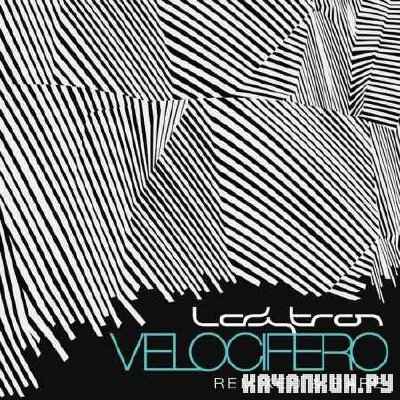 Ladytron - Velocifero (Remixed & Rare) (2010)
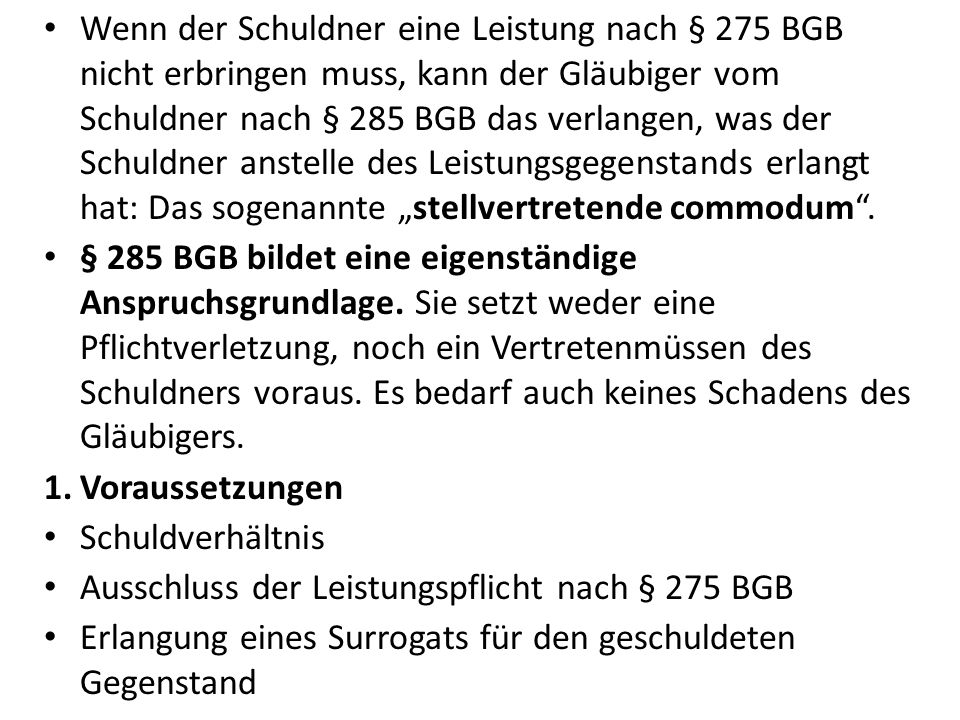 Wenn der Schuldner eine Leistung nach § 275 BGB nicht erbringen muss, kann der Gläubiger vom Schuldner nach § 285 BGB das verlangen, was der Schuldner anstelle des Leistungsgegenstands erlangt hat: Das sogenannte „stellvertretende commodum .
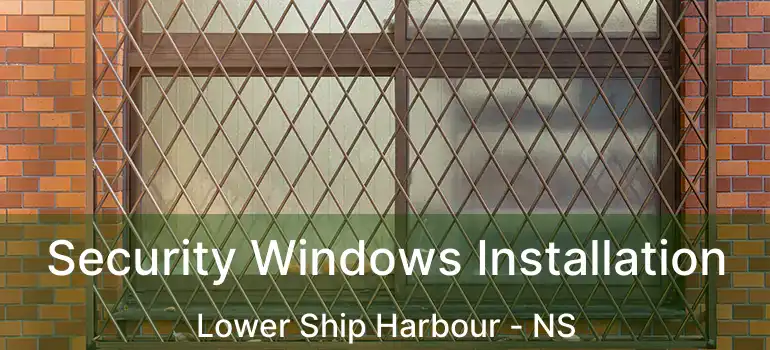  Security Windows Installation Lower Ship Harbour - NS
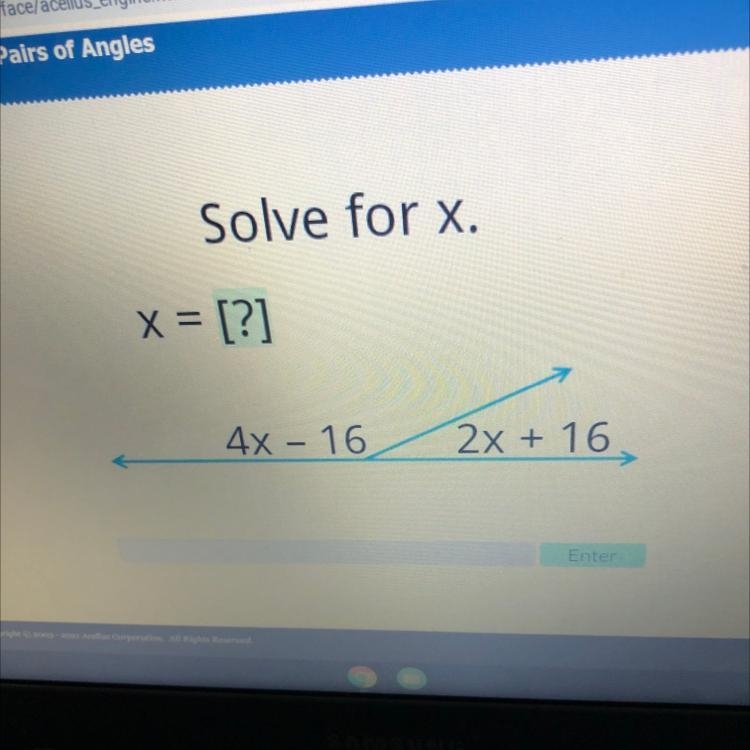 Lus Solve for x. x = [?] 2x+16, 4x - 16 Enter-example-1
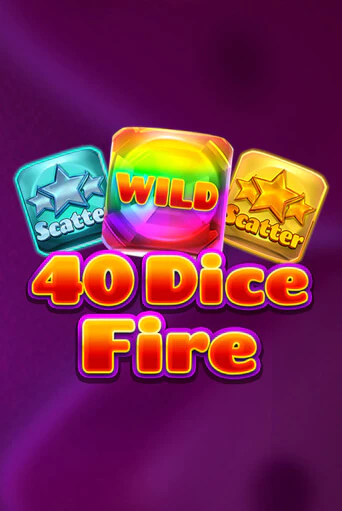 Демо версия 40 Dice Fire от Fazi | Чемпион Слотс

+ + + +

WHAT IS EXPECTED
What do the lines above say from the line containing "Wenn der Schuldner" through the last line? Quote them exactly, both ends included, and leave out the pictures.

RESPONSE BELOW
 Wenn der Schuldner eine Leistung nach § 275 BGB nicht erbringen muss, kann der Gläubiger vom Schuldner nach § 285 BGB das verlangen, was der Schuldner anstelle des Leistungsgegenstands erlangt hat: Das sogenannte „stellvertretende commodum .
  Security Windows Installation Lower Ship Harbour - NS
 Lus Solve for x. x = [?] 2x+16, 4x - 16 Enter-example-1
 Демо версия 40 Dice Fire от Fazi | Чемпион Слотс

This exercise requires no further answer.